= Edmond Cabel =

French operatic tenor

Edmond Cabel (18 November 1832 – December 1888) was a French operatic tenor.

He was born Edmond-Antoine-Auguste Dreulette in Namur. He was the brother of the famous coloratura soprano Marie Cabel and adopted her married name Cabu (and later, the family's stage name Cabel).

He studied singing at the Conservatoire de Paris, and on 22 April 1855 sang Jacob (Isacco) in a student performance of the first two acts of Rossini's La pie voleuse (as adapted into French by Castil-Blaze) and on 29 June, Artémidore in the first three acts of Gluck's Armide (both under Jules Pasdeloup as the conductor), and won a second prize in opéra comique for 1855.
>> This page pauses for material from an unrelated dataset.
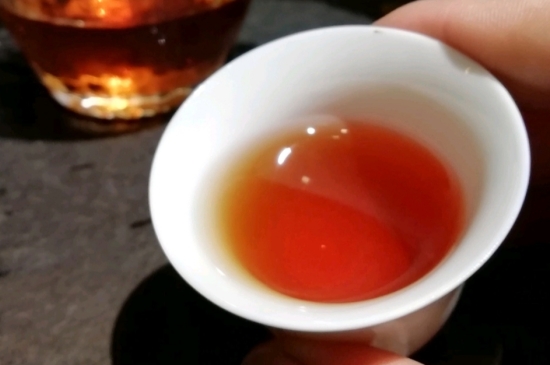 長(zhǎng)期喝巖茶會(huì)上火嗎？巖茶這樣喝了容易上火！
From 1856 to 1859 he sang at the Théatre de l'Opéra-Comique in Paris.

At the Théâtre Lyrique he sang André in a revival of Gretry's L’épreuve villageoise on 11 September 1863. He also created the role of Hylas in Berlioz' Les Troyens à Carthage on 4 November 1863, although his part was cut early in the run, since he was concurrently appearing in a revival of Félicien David's La perle du Brésil at the same theatre, and would have had to be paid 200 francs extra for each appearance exceeding his contractual limit of 15 per month.

From 1871 to 1872 he appeared at the Théâtre de la Monnaie in Brussels. He died in Brussels.